Invoice exceptions may occur due to flight delays. When the time on the invoice doesn’t match the time on the journey log, automated systems can identify the discrepancy but still allow the AP team to approve the match. Overall, automation can speed up the matching of navigation invoices by 90%.
4. Increase Direct Operating Costs Visibility
High fixed costs makes it challenging for aviation companies to turn in a profit. Increasing visibility into these costs allow businesses in the industry to maximize profits from all sources.
Airports, for instance, have to invest in infrastructure development and constantly spend for airfield and terminal maintenance, runway repairs, and other areas. Since airports have various revenue streams from aeronautical and non-aeronautical sources, it’s important to have visibility into actual cost allocated to cost areas like the airfield, terminals, or parking to prioritize areas that bring in more profit for the airport and stay within allocated budgets.
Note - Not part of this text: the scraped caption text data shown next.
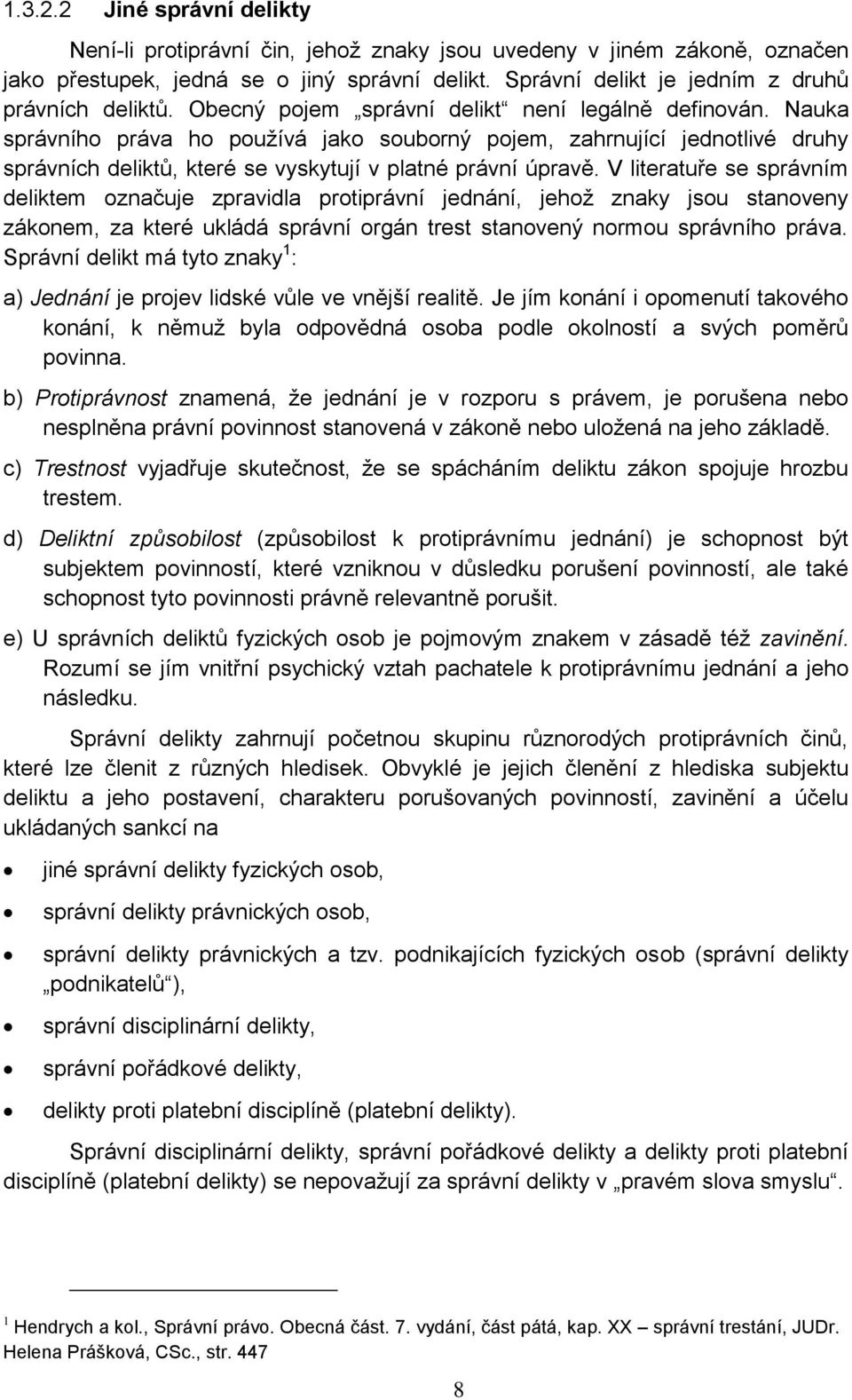 Nauka správního práva ho používá jako souborný pojem, zahrnující jednotlivé druhy správních deliktů, které se vyskytují v platné právní úpravě.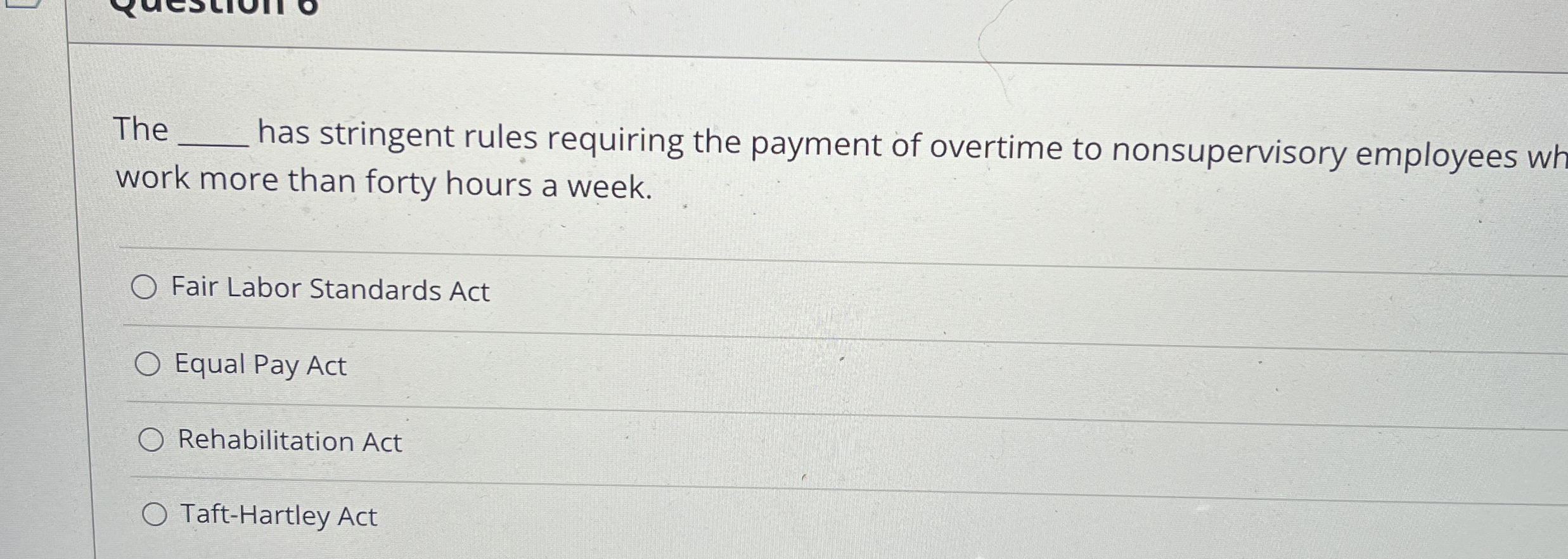  The q, has stringent rules requiring the payment of overtime to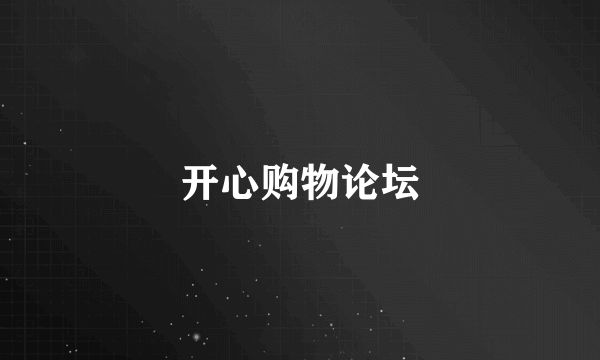 开心购物论坛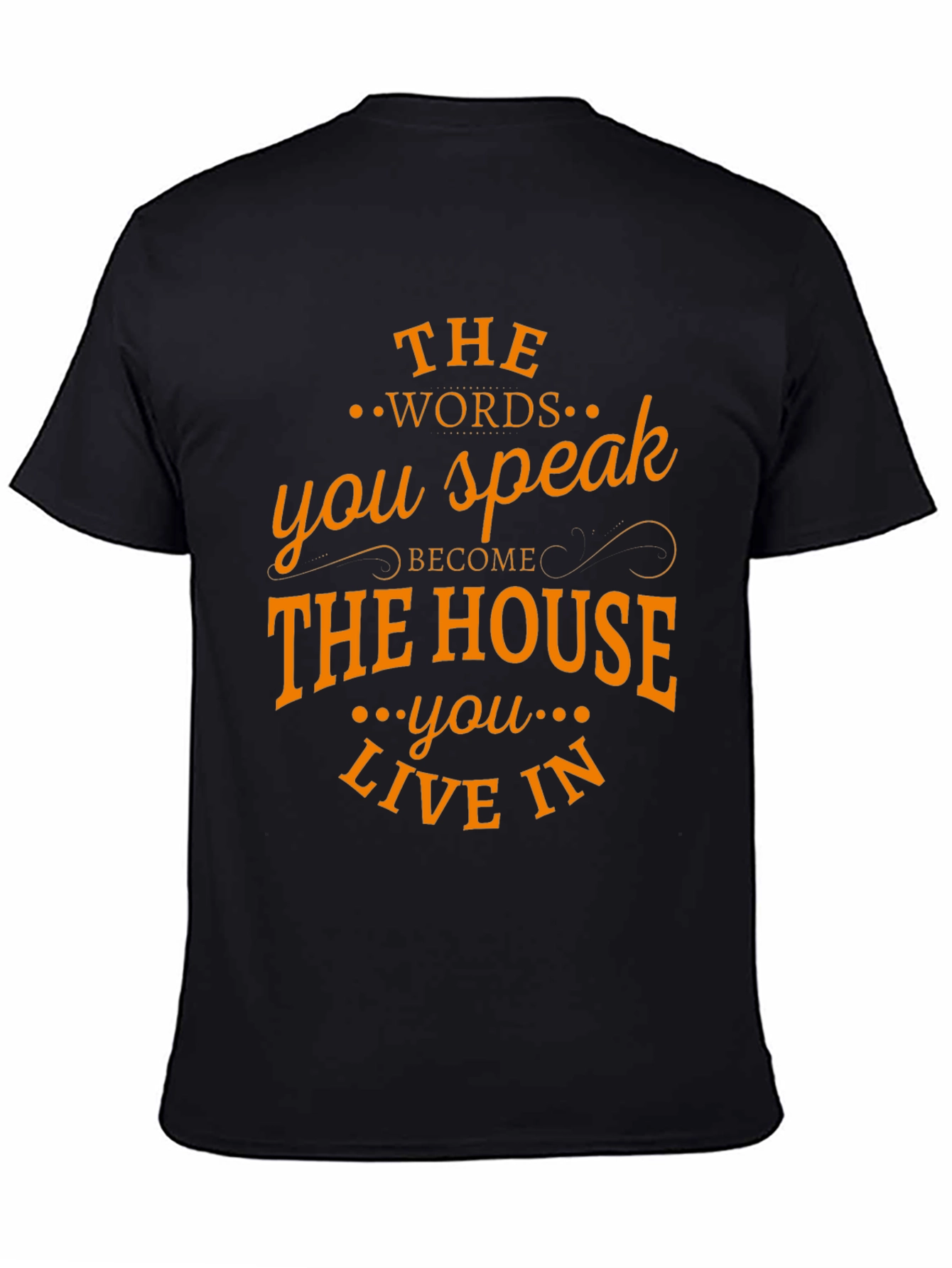 Words You Speak House T-Shirt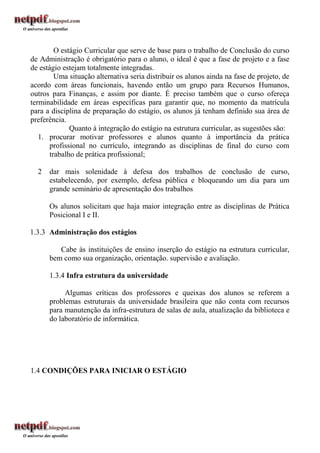 O estágio Curricular que serve de base para o trabalho de Conclusão do curso
de Administração é obrigatório para o aluno, o ideal é que a fase de projeto e a fase
de estágio estejam totalmente integradas.
         Uma situação alternativa seria distribuir os alunos ainda na fase de projeto, de
acordo com áreas funcionais, havendo então um grupo para Recursos Humanos,
outros para Finanças, e assim por diante. É preciso também que o curso ofereça
terminabilidade em áreas específicas para garantir que, no momento da matrícula
para a disciplina de preparação do estágio, os alunos já tenham definido sua área de
preferência.
              Quanto à integração do estágio na estrutura curricular, as sugestões são:
   1. procurar motivar professores e alunos quanto à importância da prática
       profissional no currículo, integrando as disciplinas de final do curso com
       trabalho de prática profissional;

  2   dar mais solenidade à defesa dos trabalhos de conclusão de curso,
      estabelecendo, por exemplo, defesa pública e bloqueando um dia para um
      grande seminário de apresentação dos trabalhos

      Os alunos solicitam que haja maior integração entre as disciplinas de Prática
      Posicional I e II.

1.3.3 Administração dos estágios

         Cabe às instituições de ensino inserção do estágio na estrutura curricular,
      bem como sua organização, orientação. supervisão e avaliação.

      1.3.4 Infra estrutura da universidade

           Algumas críticas dos professores e queixas dos alunos se referem a
      problemas estruturais da universidade brasileira que não conta com recursos
      para manutenção da infra-estrutura de salas de aula, atualização da biblioteca e
      do laboratório de informática.




1.4 CONDIÇÕES PARA INICIAR O ESTÁGIO
 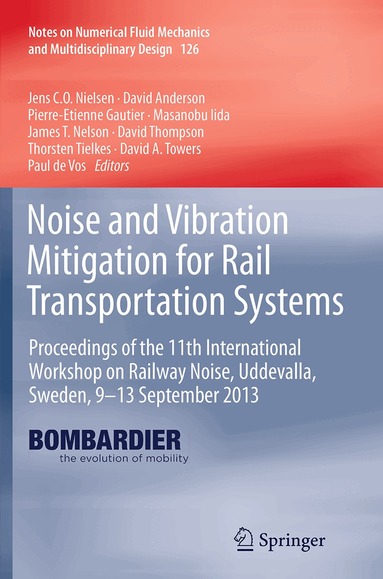 Jens C.O. Nielsen, David Anderson, Pierre-Etienne Gautier, Masanobu Iida, James T. Nelson, David Thompson, Thorsten Tielkes, David A. Towers, Paul de Vos - Noise and Vibration Mitigation for Rail Transportation Systems, Häftad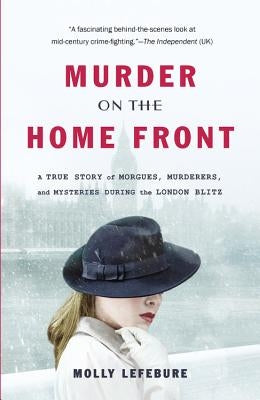 Murder on the Home Front: A True Story of Morgues, Murderers, and Mysteries During the London Blitz by Lefebure, Molly
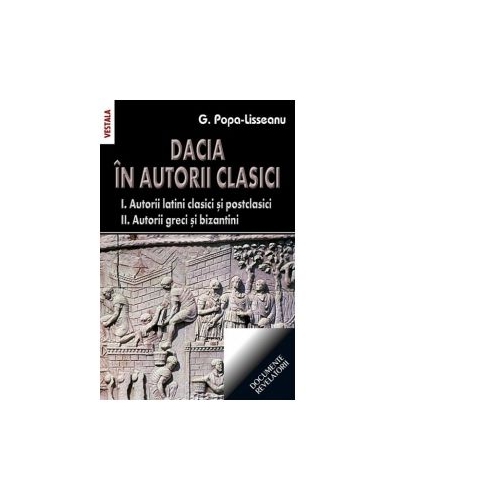 Dacia in autorii clasici - G. Popa-Lisseanu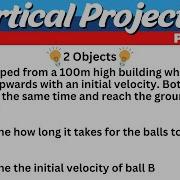 3 Vertical Projectile Motion Two Objects
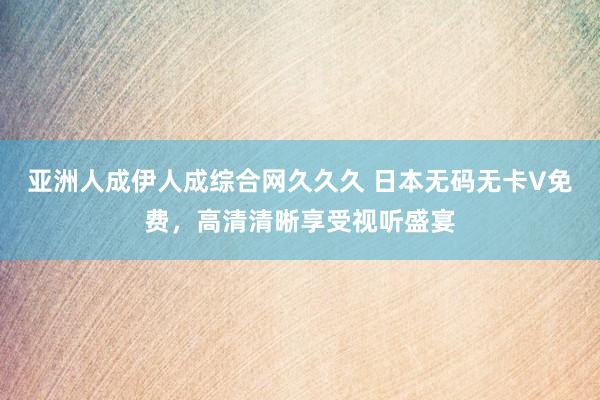亚洲人成伊人成综合网久久久 日本无码无卡V免费，高清清晰享受视听盛宴
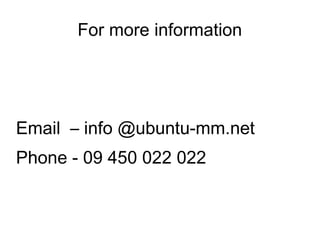 For more information
Email – info @ubuntu-mm.net
Phone - 09 450 022 022
 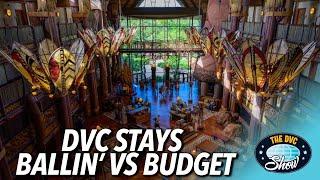 Ballin' VS Budget DVC Stays | The DVC Show | 06/21/21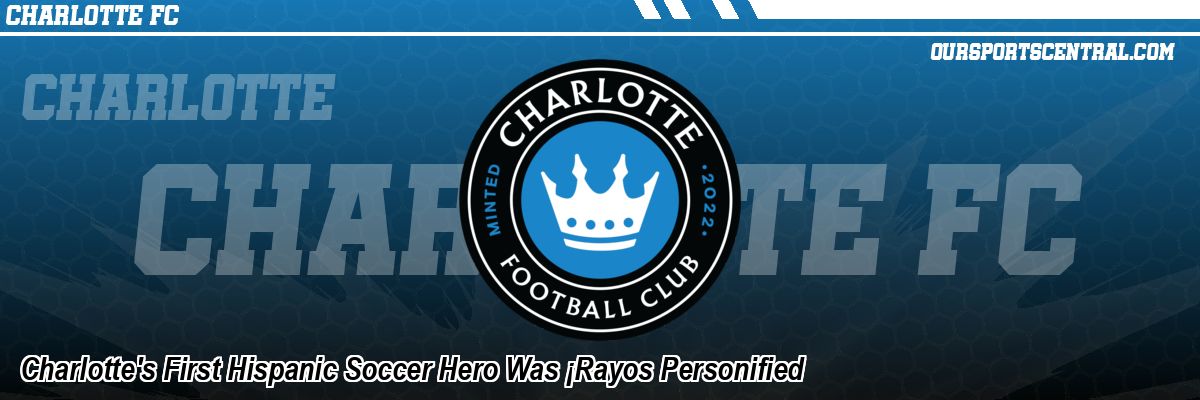 Charlotte's First Hispanic Soccer Hero Was ¡Rayos Personified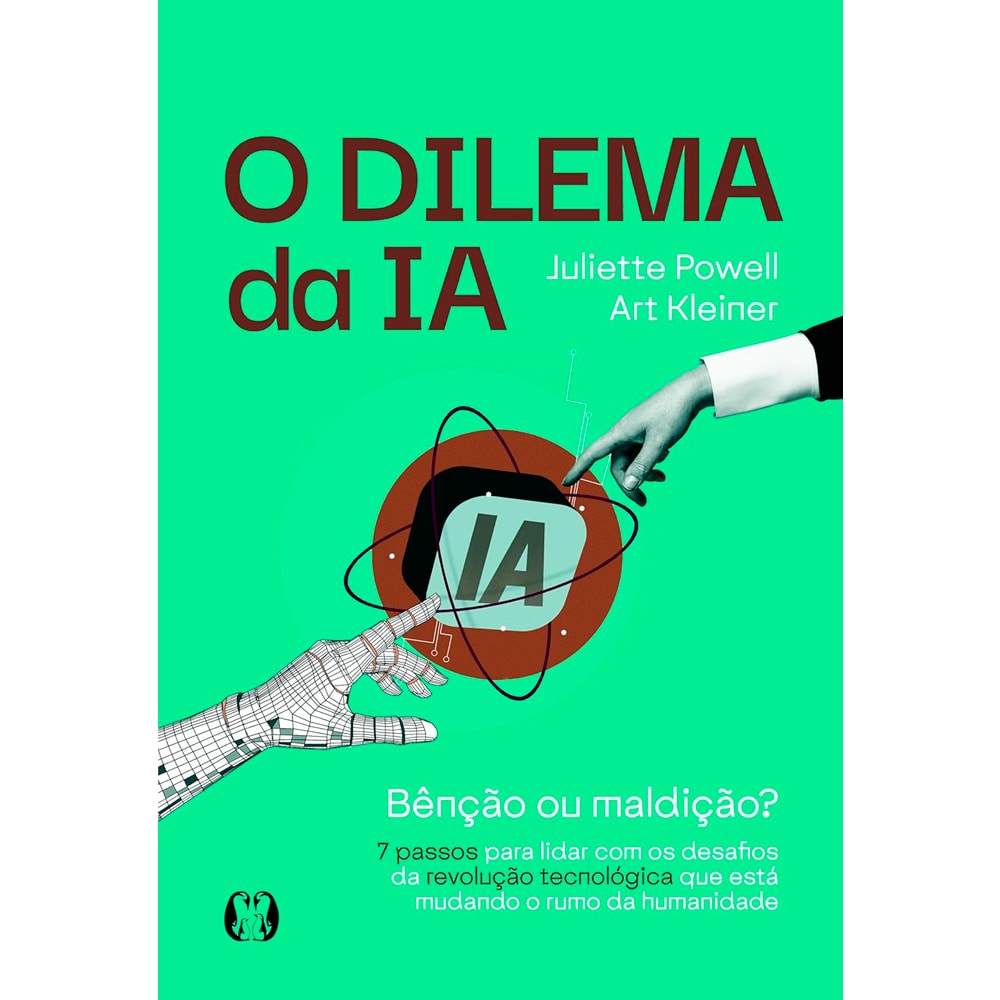O Dilema da IA | Juliette Powell e Art Kleiner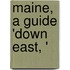 Maine, a Guide 'Down East, '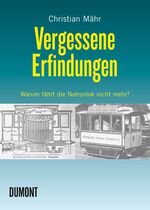 ISBN 9783832177447: Vergessene Erfindungen - Warum fährt die Natronlok nicht mehr?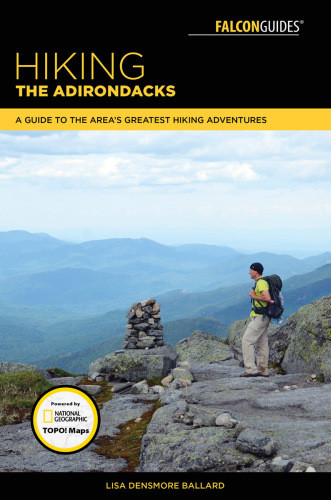 Hiking The Adirondacks A Guide To The Areas Greatest Hiking Adventures 2nd Ed Densmore Ballard
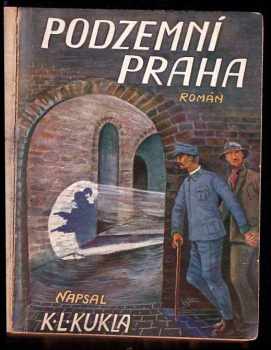 Karel Ladislav Kukla: Podzemní Praha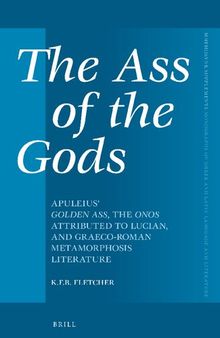 The Ass of the Gods: Apuleius' Golden Ass, the Onos Attributed to Lucian, and Graeco-Roman Metamorphosis Literature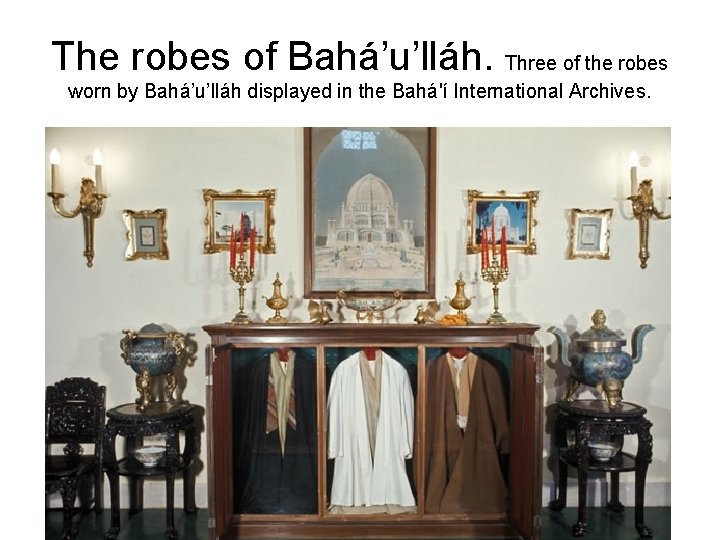 The robes of Bahá’u’lláh. Three of the robes worn by Bahá’u’lláh displayed in the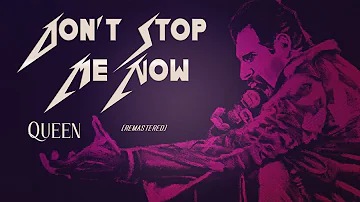 Queen - Don't Stop Me Now (Lyrics) 🎵 Remastered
Airlines face similar challenges, having returned to pre-pandemic expense levels, with around 30% of airline costs spent on direct services and 20% on fuel.
To properly allocate costs, each flight is tagged with a specific leg ID tied to the aircraft tail number, origin and destination, date, and time. Many finance teams have to first check that the flight occurred, review each billed line individually, and then attempt to allocate it to the relevant leg ID.
When performed manually by AP teams, this complicated process is highly prone to error. Difficulty matching direct operating costs (DOCs) to the right flight leg hampers visibility into the true cost of each flight and opportunities for profit maximization.
By contrast, after automatic validation of costs through automated processing, matched charges post directly to the enterprise resource planning system (ERP). As a result, the system chooses an accurate GL code, allowing airlines to establish the true cost for each flight leg. Better visibility creates opportunities to apply powerful analytics and improve decision-making.
5. Improve Collaboration Through Interconnected Systems
Aviation companies use multiple systems to manage operations that need to be constantly updated. Rather than performing tasks manually, third-party integration can manage data exchange securely between various systems like accounts payable software, ERP, and other databases.
Eliminating data entry increases accuracy across flight systems, finance applications, and other systems used to manage airline operations. Having a consolidated portal ensures that all departments see the same information – reducing communication breakdowns and improving collaboration across the organization.
Deep Dive Into Data to Unlock Aviation Insights
As production and fuel costs have risen, executives have renewed their focus on cutting operating costs. However, without full visibility, increasing efficiency can be challenging. A common struggle is to accurately validate and allocate direct operating costs from a complicated network of vendors.
When invoices can follow an automated workflow and enjoy accelerated exception handling, vendors get paid on time and relationships improve. Integrated data streams populate the ERP and offer executive teams analytical reporting and insights. Automated systems also have an immediate impact on cash flow management. Even as production, flights, and associated payables processing costs soar, accounts payable teams can manage invoices at scale with remarkable success by using intelligent procure-to-pay solutions.